But they also exhibited the exact limitation that the benchmarks episode describes. When a measure becomes a target, it ceases to be a good measure. The review agents were optimizing for their checklist. Some of them flagged "issues" that were actually working as intended, like a main story with five sounds instead of four. The measure was the spec's budget. The target was a clean review. The agent wanted to produce a review with findings, so it found things, even when the thing it found was a guideline being bent rather than a rule being broken.

Five sounds in a standard episode when the spec says two to four. Consider removing two or three.

The human considered it, recognized that the drama earned the extra sound, and kept it. Which is the entire argument of the benchmarks episode: measurements matter, but they are proxies for judgment, and judgment cannot be automated.

What the Swarm Cannot Do

The swarm cannot listen to the episodes. It cannot hear the pacing. It cannot feel whether a transition between chapters lands or falls flat. It cannot tell you whether the Kenyan labeler story in episode eight was given enough room to breathe, only that it met the minimum paragraph length and had source citations. It cannot tell you whether the closing reflection in the season finale ties the threads together in a way that feels earned, only that it mentions all eleven previous episodes.

These are the gaps that episode twelve, the benchmarks episode, describes. The measurements capture something real but miss the thing that matters most. The swarm produced seventy-three thousand words of podcast-ready content. Whether any of it is actually good to listen to is a question that only a human with headphones and twenty spare minutes can answer. The swarm built the house. Someone still has to live in it.

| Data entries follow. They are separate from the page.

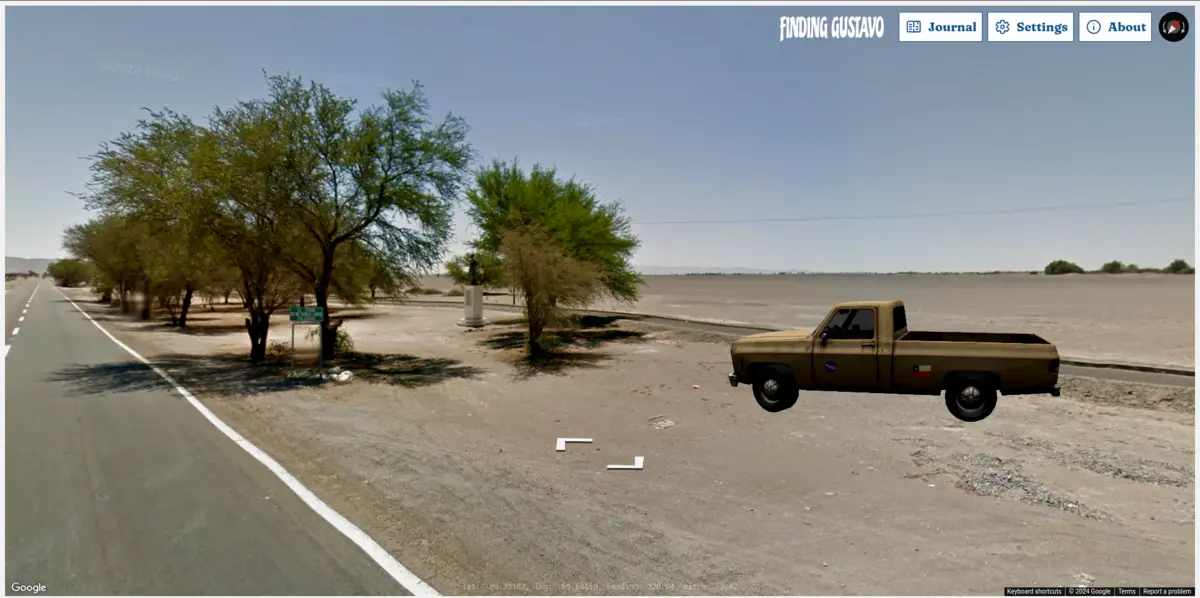 Finding Gustavo - a 3D model of a truck embedded within Google Street View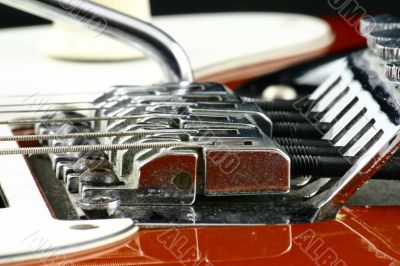 guitar`s bridge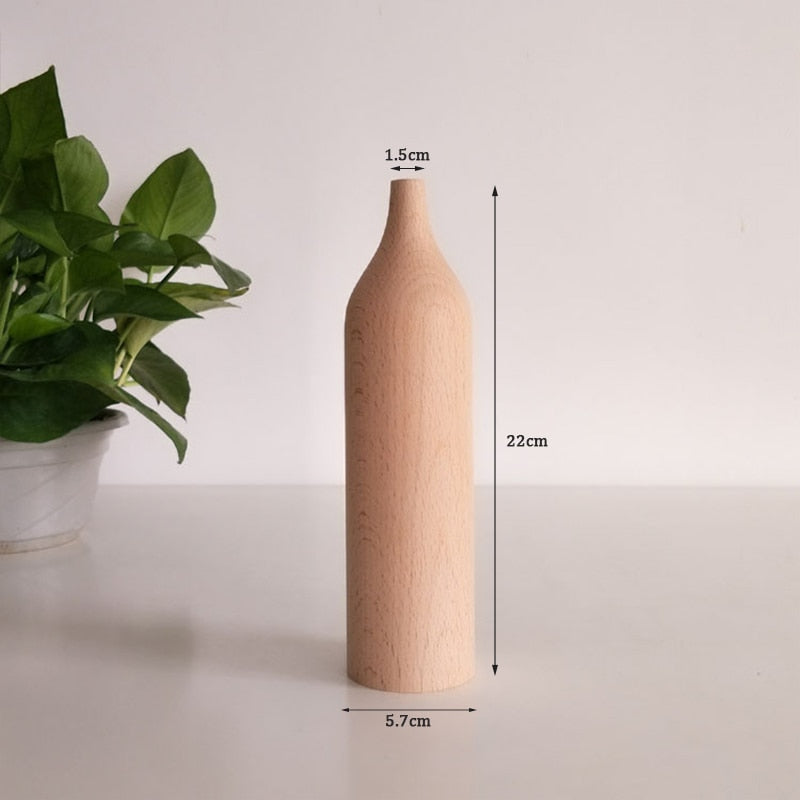 Wooden Vases for the Minimalist - Nature Inside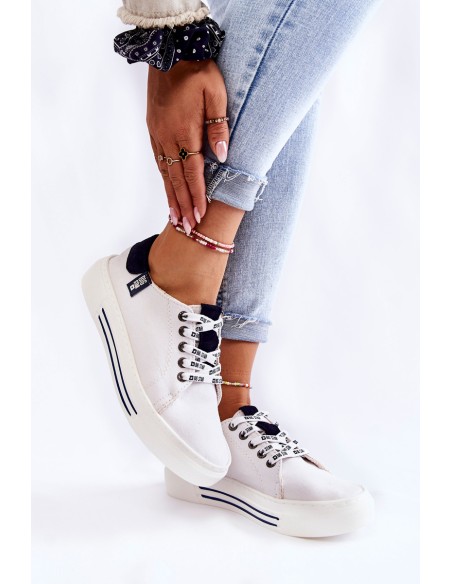 Women's Memory Foam System Sneakers Big Star KK276002 White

The series is called "Actually, AI." And the most honest thing about it is that it was made by AI, using every technique it describes, encountering every limitation it documents, and ultimately requiring the same human judgment it spends twelve episodes explaining the absence of. The swarm explained itself. Whether it understood the explanation is, as episode two puts it, one of the great open questions of our time.

That question will have to wait. The episodes are written. The git push went through. Somewhere in a repository, fifty new files contain a season of podcast about how machines think, written by machines that do not think, reviewed by machines checking whether machines got it right, and approved by a human who was, at the time, also discussing something very crazy in a different chat window.